Feds team up with Philly cops to target violent crime
WHEN FEDERAL agents and Philadelphia cops arrested a group of gun-toting men near the airport on Wednesday — thwarting an alleged plan to rob a drug dealer — the takedown was the result of a new partnership between federal and local officials to combat violent and drug-related crime across the city.
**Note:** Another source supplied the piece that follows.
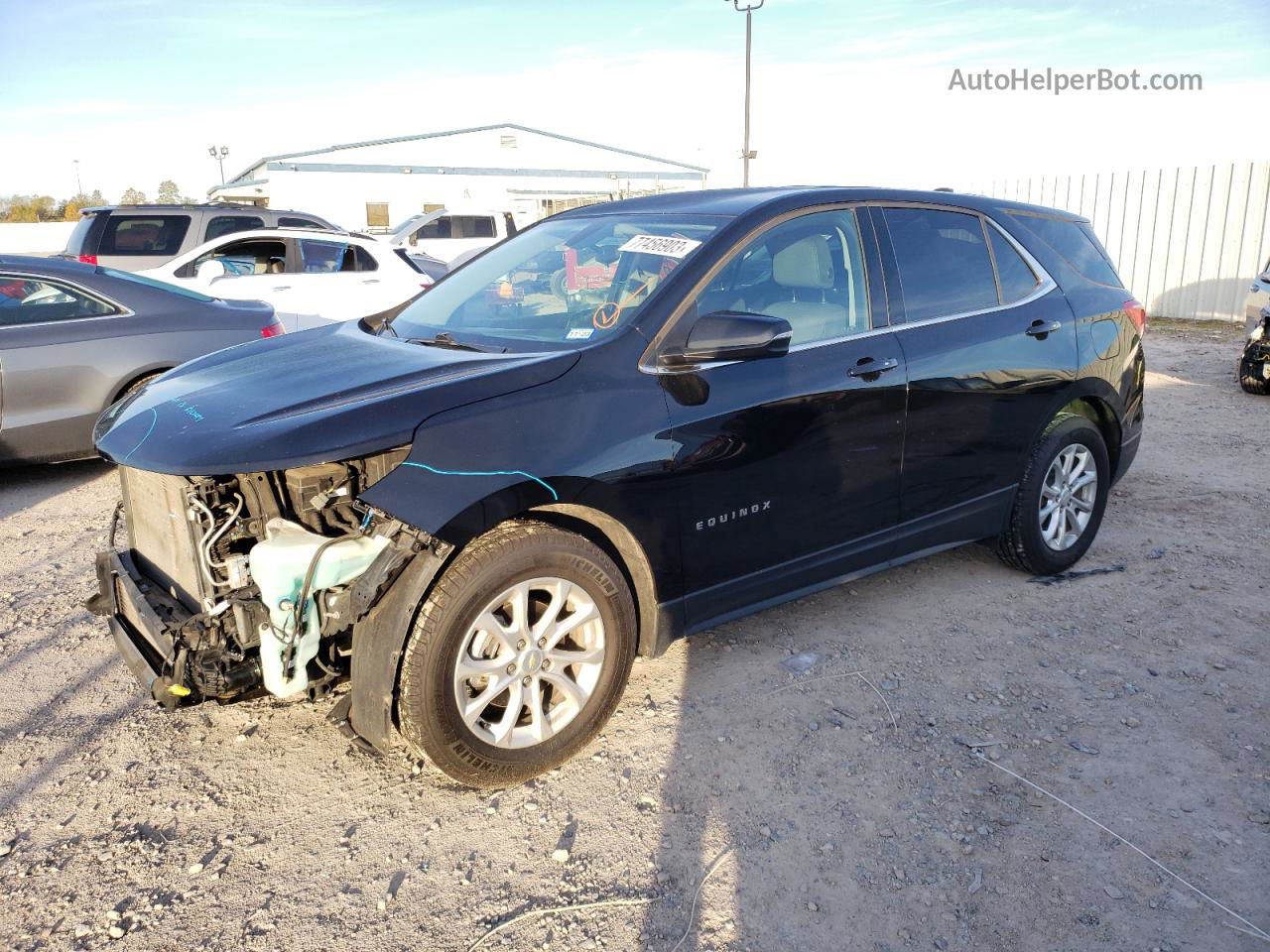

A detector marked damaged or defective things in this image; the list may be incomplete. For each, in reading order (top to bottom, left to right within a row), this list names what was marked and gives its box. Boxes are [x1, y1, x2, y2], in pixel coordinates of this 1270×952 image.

crushed front end [86, 450, 437, 718]
crumpled hood [95, 317, 579, 474]
damaged black suv [94, 184, 1151, 781]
Attorney General Eric Holder and Mayor Nutter announced the partnership at City Hall on Monday.
WHEN FEDERAL agents and Philadelphia cops arrested a group of gun-toting men near the airport on Wednesday — thwarting an alleged plan to rob a drug dealer — the takedown was the result of a new partnership between federal and local officials to combat violent and drug-related crime across the city.
Attorney General Eric Holder and Mayor Nutter announced the partnership at City Hall on Monday.
The partnership includes more than 50 federal law-enforcement officials, and Holder said that during a four-month "surge," which began June 4, federal resources are being used to build local capacity, enhance training, coordinate outreach, bolster intelligence and help plan and execute more sophisticated criminal investigations and prosecutions.
To date, the surge has seized more than 80 firearms and netted more than 300 arrests for violent-crime, drug, gun and other offenses, officials said.
"Your hiding days are over," Nutter said. "We're coming after you and we're going to take you away for a long time."
Although Nutter said the overall violent crime rate had decreased by 19 percent since 2007, the number of homicides — 196 so far this year — was up about 15 percent over a comparable time period in 2010 and 2011, according to police statistics.
Police Commissioner Charles Ramsey said prosecuting criminals on the federal level was important, because the penalties for violent crime, especially when guns are used, are more severe than they are at the state level.
"When the complaint says 'USA v. somebody,' I think it sends a bit of a different message," Ramsey said.
"We can use all the help we can get," he added.